Getting back in the groove

I've had a hard time getting back into the writing groove.  And there's been more than a bit of guilt associated with the fact not a whole lot has happened on the writing front.  It's not that I don't have ideas--I do.  I've dutifully written them down.  I've brainstormed with pals (Hi Leann and Sheila!). 

Couchpotato It's not because I'm a lazy couch potato.  I can't even remember the last time I sat on the couch.  (Although I do seem to watch a LOT of Star Trek...but I do that in the evenings when I catching up on promo.)

So what's the problem?

Well, I think I figured it out.  For way too many years I did a job that involved a lot of boring, nit-picky research and assembling that information (via data entry).  I found the work to be tedious and I hated it.
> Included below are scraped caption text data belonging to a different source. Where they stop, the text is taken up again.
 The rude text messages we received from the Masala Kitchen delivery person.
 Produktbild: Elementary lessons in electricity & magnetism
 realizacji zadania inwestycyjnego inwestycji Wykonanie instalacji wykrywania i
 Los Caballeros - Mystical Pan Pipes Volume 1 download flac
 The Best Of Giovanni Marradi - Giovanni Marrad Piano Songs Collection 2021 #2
Cogiconpicture2...or did I?  In retrospect, it wasn't the work I hated--it was my management.  It was the work environment, where you were made to feel like a cog that could be easily replaced or worse--tossed out without a backward glance.

It used to be that I would squeeze in a little writing in between all this tedious, nit-picky work.  Now things have changed.  Writing is supposed to be my main job, and the tedious, nit-picky work (managing my MySpace pages, looking for promotional venues, putting together promotional material, research for the book) is the stuff I'm supposed to squeeze in when I'm not writing.
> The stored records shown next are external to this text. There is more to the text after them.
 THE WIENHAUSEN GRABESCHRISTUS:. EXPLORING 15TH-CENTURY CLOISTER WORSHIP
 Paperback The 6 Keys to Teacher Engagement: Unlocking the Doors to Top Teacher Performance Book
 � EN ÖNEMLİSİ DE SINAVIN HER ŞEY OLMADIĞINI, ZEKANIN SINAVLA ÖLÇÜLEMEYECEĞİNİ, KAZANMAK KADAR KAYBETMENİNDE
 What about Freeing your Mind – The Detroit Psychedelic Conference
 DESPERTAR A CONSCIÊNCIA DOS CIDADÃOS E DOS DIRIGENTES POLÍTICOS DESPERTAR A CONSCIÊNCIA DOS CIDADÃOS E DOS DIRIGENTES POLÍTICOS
I don't know what to do about balancing all this stuff.  I used to want to write in the mornings.  Now I want to do the other stuff in the mornings--but when the afternoon rolls around, I don't feel like writing.  I have had some success taking a notebook to bed and writing before I go to sleep--but that's also my book-reading time.  (And I'm in the middle of one right now.  And I got a HUGE stack of books while I was at the Malice Domestic Conference, too.)

There just isn't enough time in the day to do everything.

Like that's breaking news, huh?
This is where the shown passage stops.